_Given data_

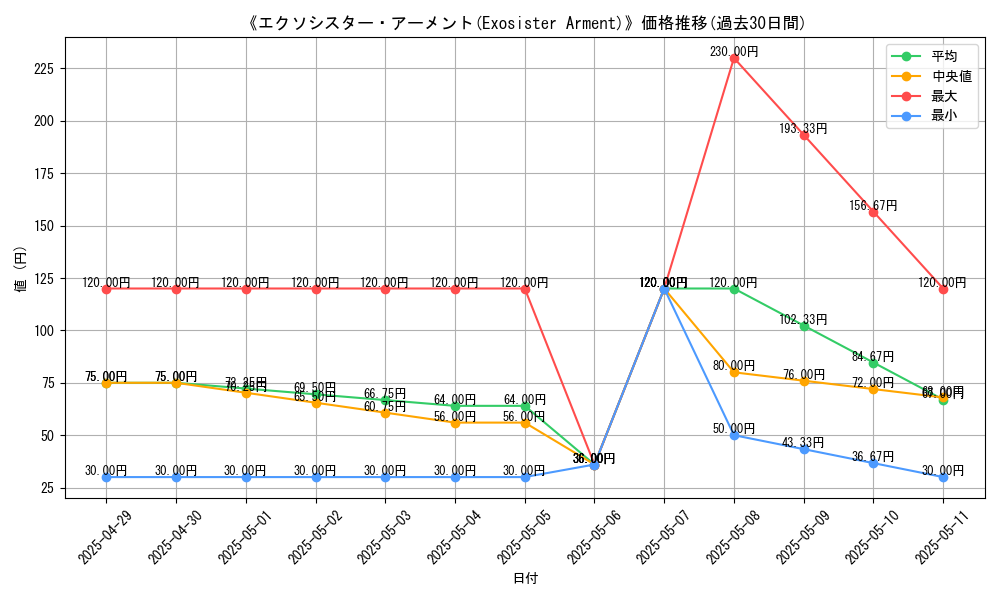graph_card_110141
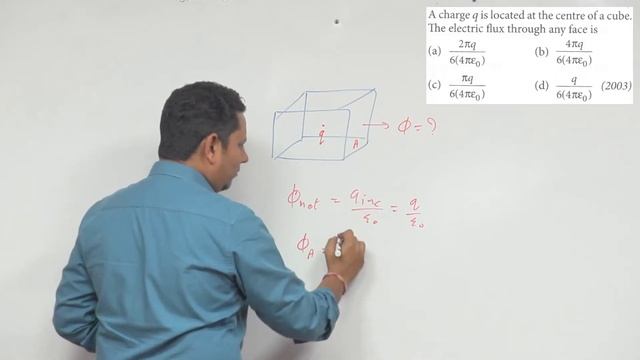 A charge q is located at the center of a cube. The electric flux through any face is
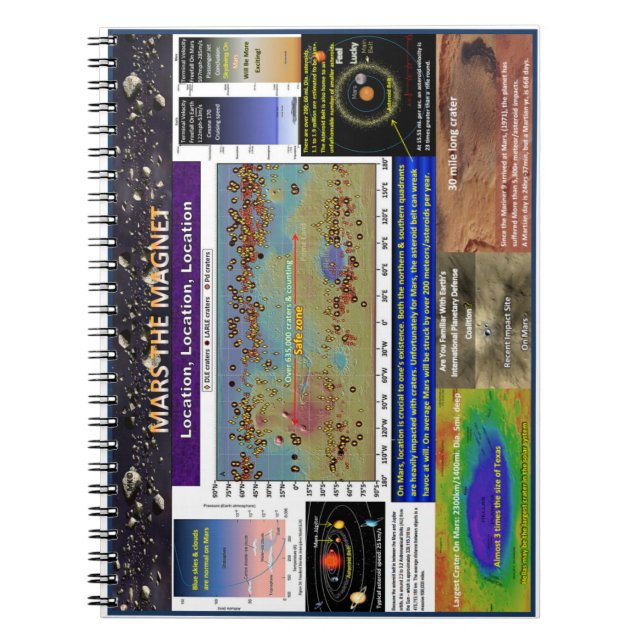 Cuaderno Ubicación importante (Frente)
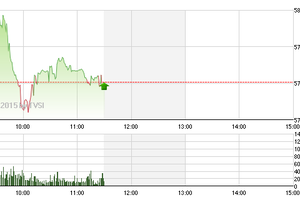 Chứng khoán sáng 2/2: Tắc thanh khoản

_Work to complete_
An exact transcript is required, covering the lines from the one containing "Cuaderno Ubicación importante (Frente)" through the end of the listing above, inclusive, without pictures.

_Answer area_
 Cuaderno Ubicación importante (Frente)
 Chứng khoán sáng 2/2: Tắc thanh khoản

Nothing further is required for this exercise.